Muscat: A flexible approach should be adopted by the authorities to allow reasonable increases in the prices of goods and services, but they should prevent companies from taking advantage of the situation, said an official.
Commenting on the impact of the rise in fuel prices on small and medium enterprises (SMEs), Abdullah Al Jufaili, general manager of Sharakah, said every economic change and decision would inevitably have an impact on SMEs so they should be considered in the decision-making process.
SMEs live in an ecosystem where everything is related to each other so the increase in the fuel prices would definitely increase their operating expenses, including production and transportation costs, Al Jufaili told the Times of Oman.
Therefore, logic dictated that if a business wanted to remain sustainable and maintain a margin of profit, it would have to increase the price of its services or products to compensate for the increase in the costs of production or provision of services, he noted.
However, it should not provide an opportunity for certain companies to ‘hijack’ the situation and introduce higher prices without any reasonable basis, the official added.

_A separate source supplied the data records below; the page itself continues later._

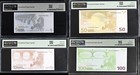 Euro Set 4  5 10 50 100 Euro 2002 P 1 P 2 P 11 P 12 Superb Gem Unc Pmg 66 67 Epq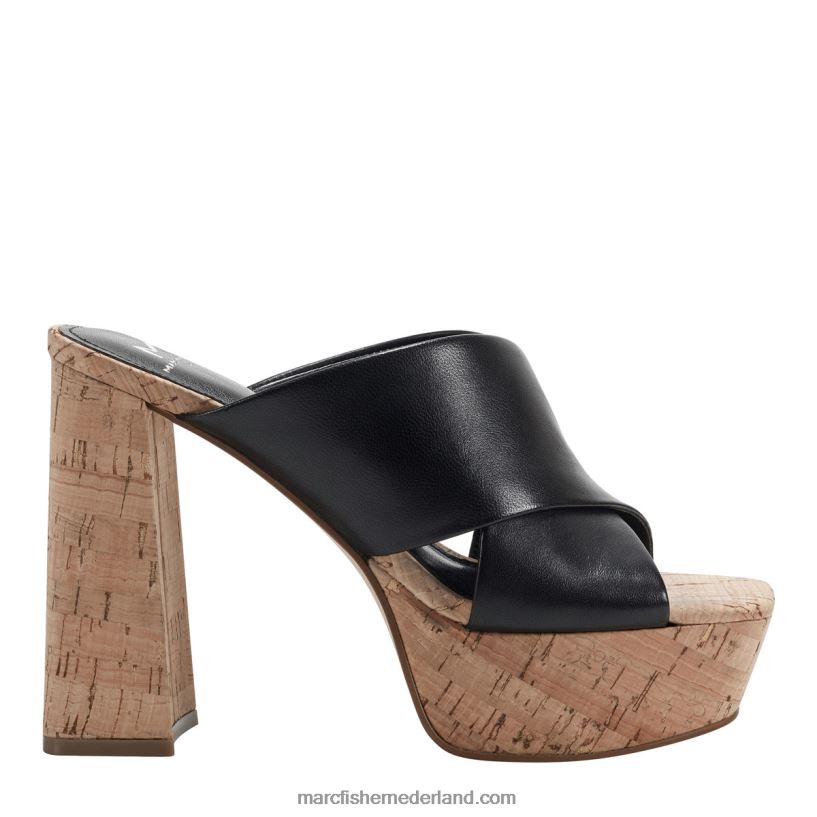 vrouwen Marc Fisher farlow platform slide sandaal zwart 2T068T561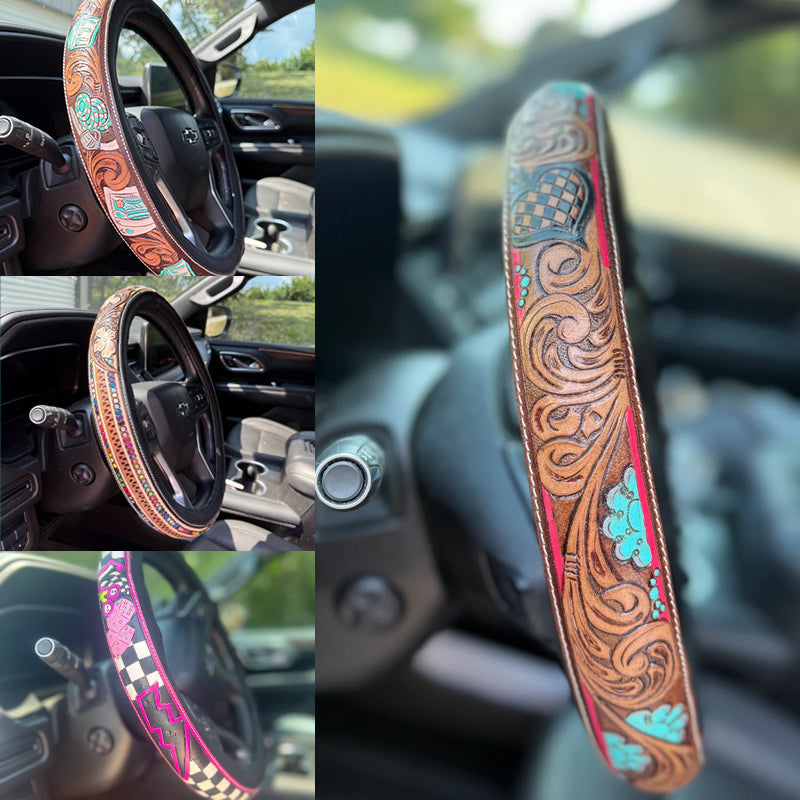 Retro Western Cowboy Car Universal Steering Wheel Cover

According to Al Jufaili, the prices should be monitored closely, but at the same time there should be some room for ‘flexibility.’
“My message is, ‘Never look at things in isolation.’ We need to keep in mind that all of this is part of the ecosystem that an SME lives in, and we should be careful when we are deciding on new regulations or changes in the economy,” he stated.
In addition, Sharakah’s general manager said that instead of viewing the current economic situation as an ‘irregular’ situation, the positive aspects of it and its long-term implications should be considered.
Tough times like this would show which organisations have been following the best practices in various areas to ensure sustainability and which ones have been running without a clear strategy, he said. The organisations that survive this difficult time would be strong organisations for years to come, Al Jufaili added.
Consumption Patterns The official also believes that the ongoing economic changes can help improve lifestyle habits and consumption patterns.
Many people just tend to spend more when their income increases and may fail to maintain the right balance, he said, adding that people should be well aware of what they can afford. Asked whether the increase in fuel prices would positively affect the environment, Al Jufaili said he does not expect to see an immediate reduction in the number of vehicles on the streets.
If any change is seen at all, it may be that some people would prefer to have small-engine vehicles, he explained.
Commenting on the public transport system, Al Jufaili said improving the system was already underway, but the more important issue is that the city’s planning cannot accommodate public transport in the best way possible.
Still there is lack of the necessary facilities for the pedestrians, he noted, adding that addressing this issue would help encourage the use of public transport and facilitate walking and cycling across the city.
Improving work culture in Oman
Improving the work culture in Oman is a shared responsibility and requires collective efforts, said Abdullah Al Jufaili, general manager of Sharakah. Commenting on the manpower regulations in Oman, Al Jufaili said that he appreciates and understands the fact that the Ministry of Manpoweris trying to maintain the level of expatriates in Oman at a certain level and also to provide more opportunities for locals.
However, on the other hand, the challenge is that many of these jobs are not welcomed by Omanis, he told Times of Oman. According to Al Jufaili, changing the work culture in Oman is not the responsibility of a particular group or organisation and everybody has a role to play in improving the situation.
It has to start ‘within the person’ and not everyone should expect to have a desk job if their skills, degree and qualifications make them suited for another type of job, he stated.
Al Jufaili also believes that the community should not look down upon any job as long as it is a decent job being done within the ethical business practices.